Some things haven't changed, however, and they're important things. For one, This is now, and will always be, a place where you can find substantive, long-form journalism. That's not to say we believe longer stories are inherently better, but it does mean that when a story warrants it — as Carolyn Morris's moving report on immigrants and refugees forced to pay cash for Canadian health care undoubtedly does — we'll give it the space it deserves. And the political roots of the magazine — in progressive causes such as social justice, labour, racial and sexual equity, environmental sustainability, disability, and other areas neglected by larger, more commercial media outlets — are unchanged.
That does not, of course, mean we're going to stick to tired and predictable positions. While conservative politics is inherently backward-looking and staid (and proud of it), the progressive politics that This Magazine has covered for four tumultuous decades is shockingly dynamic, wonderfully diverse, often controversial and acrimonious, and totally indispensable. We aim to inform and entertain and provoke, and to continue the job of profiling the best and most important new ideas in progressive politics, arts, and culture. In the print magazine and at thismagazine.ca, we are strongly encouraging you to join this discussion, because staying relevant to you, the reader, is our daily concern. If you don't like something, tell us. If we've made a mistake or you feel something is missing, tell us. If you think we've done something great and you want more, tell us.
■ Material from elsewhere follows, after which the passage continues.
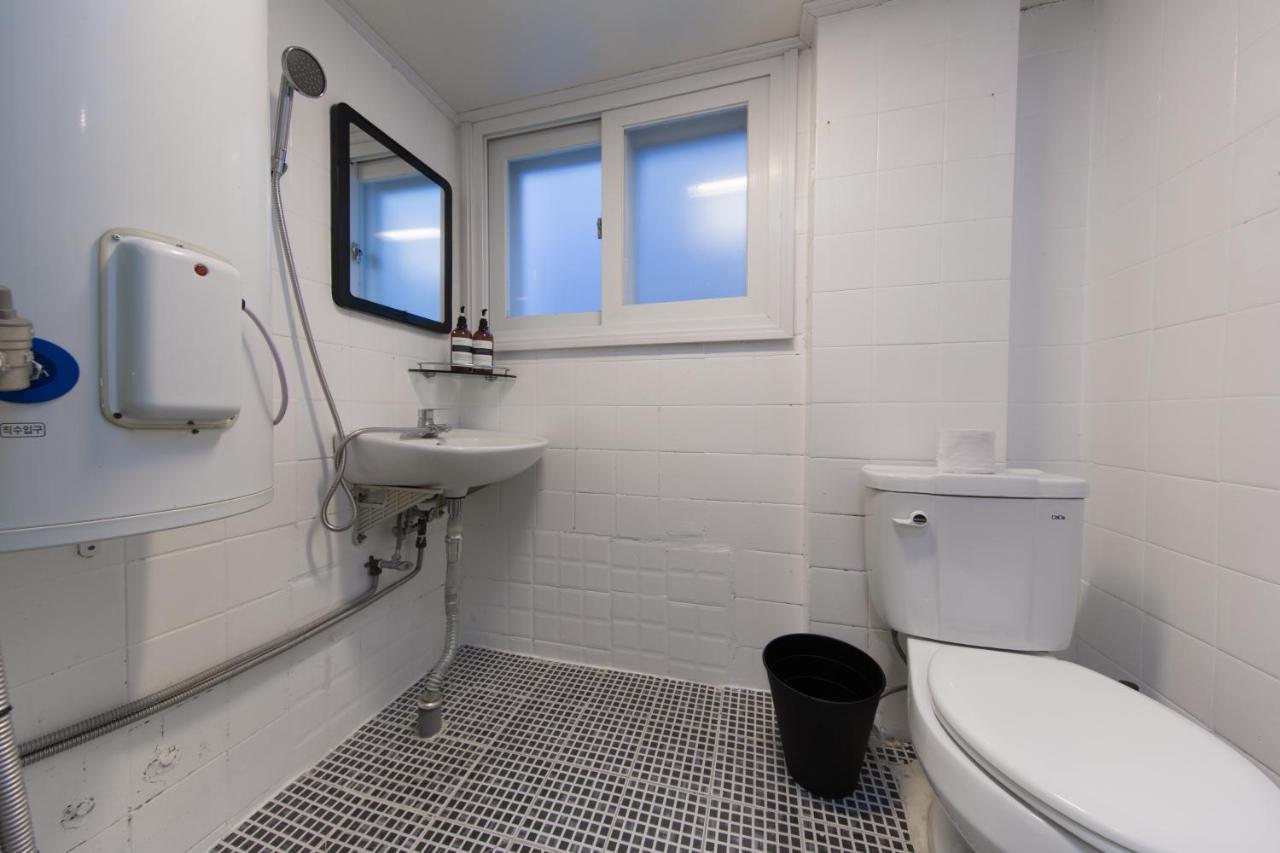 Bingo Hostel Insadong Сеул Экстерьер фото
This Magazine is a small enterprise, so rest assured that when you write a letter, send an email, leave a voicemail, or add a blog comment, we're paying attention.
We chose to tackle cars with the cover story of this special issue for one simple reason: there is no other policy area today that affects more Canadians, in more ways, than the politics of the automobile. Whether it relates to controlling the deadly emissions of internal combustion engines, regulating the huge and complicated fossil fuel industry that enables our reliance on cars, redrawing the maps of our cities to combat decades worth of sprawl-producing urban design, or shoring up an automobile manufacturing industry that supports hundreds of thousands of unionized jobs, the politics of cars — making, buying, fuelling, and driving them — affects everyone. As Tim Falconer, author of Drive: A Road Trip through Our Complicated Affair with the Automobile explains starting on page 21, this is not just a policy issue; it's an emotional one. Our society has lived with and, to varying degrees, loved these devices for a hundred years, and while everyone acknowledges changes must be made, any political, economic, or technological changes will have to be accompanied by sociological change too. In other words, the car is just a tool, and it's our job to control our use of it. Some of those choices are individual, and some are collective. But all of them are urgent.